The global average was 58%, making the UK the most likely country to pay cyber-criminals.
Security firm Proofpoint's research also found that more than three-quarters of UK businesses were affected by ransomware in 2021.
Phishing attacks remain the key way criminals access networks, it found.
Phishing happens when someone in a firm is lured into clicking on a link in an email that contains malware, which in turn can help cyber-criminals access company networks.
Ransomware attacks are so-called because the hackers encrypt vital data and demand a ransom in order to get the information decrypted.
Negotiating with cyber-criminals in this manner is discouraged by governments and industry, but that hasn't stopped some high-profile firms – including JBS Foods and Colonial Pipeline – paying up in order to get their systems working again.
Many organisations that have been victims of ransomware end up paying many times, according to the research.
Only half regained access to data and systems after the first payment, the research found, as criminals got greedy and demanded more money.
But only 4% of those who paid a ransom were unable to retrieve their data, either because the key was faulty or the criminals just walked away with the money.
The fact that phishing remains the favoured attack method for cyber-criminals means that firms need to build "a culture of security", said Proofpoint researchers.
"A staggering amount of UK businesses experienced a phishing attack in 2021 and 91% of those attacks were successful," said Adenike Cosgrove, cyber-security strategist at Proofpoint.
"This compounds the fact that the UK is facing threats from all angles," she added.
News that the UK is a ransomware hacker cash cow will be a blow to cyber-authorities here.
Tackling the scourge of ransomware has taken up a huge amount of time and resource for the likes of the National Cyber Security Centre, National Crime Agency and GCHQ.

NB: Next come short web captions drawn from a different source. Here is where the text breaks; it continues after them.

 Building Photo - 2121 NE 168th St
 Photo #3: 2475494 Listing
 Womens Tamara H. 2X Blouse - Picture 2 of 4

As well as public education initiatives and regular warnings about ransomware, extensive work has gone on behind the scenes.
Hackers have been unmasked and deterred, and officers have been deployed to help dozens of victims recover from attacks.
It's not illegal to pay hackers ransoms, although some think it should be, and for years it's been enthusiastically discouraged by law enforcement agencies and cyber-security companies around the world, as it incentivises hackers to carry out further attacks.
So to hear that UK victims are the most likely to pay out will be demoralising for the country's cyber-authorities in what is a global fight against these criminal gangs.